WORK ITEM - Your reply should contain the whole listing below, repeated exactly, and no images.
(GIVEN DATA begins)
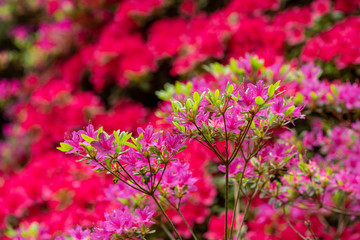 Fototapeta premium Azalea flower on bush, in soft pink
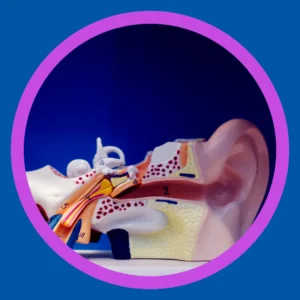 A diagram of an inner ear sits on a blue background. 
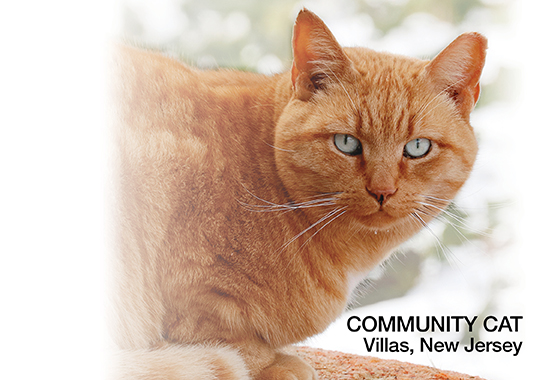 Community Cat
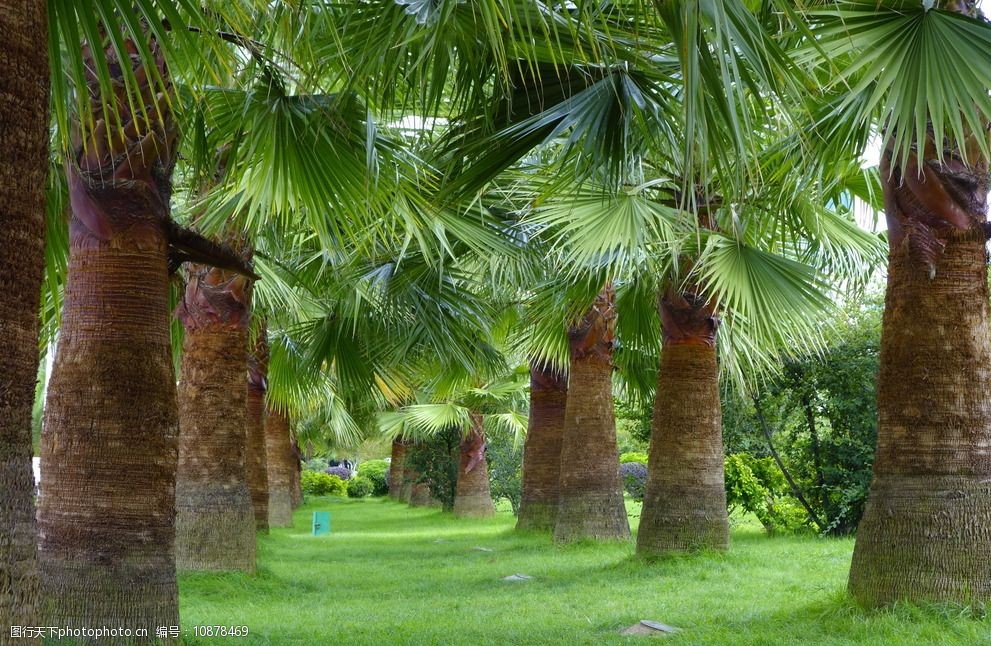 泳池边的棕榈树图片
(GIVEN DATA ends)
REPLY -
 Fototapeta premium Azalea flower on bush, in soft pink
 A diagram of an inner ear sits on a blue background. 
 Community Cat
 泳池边的棕榈树图片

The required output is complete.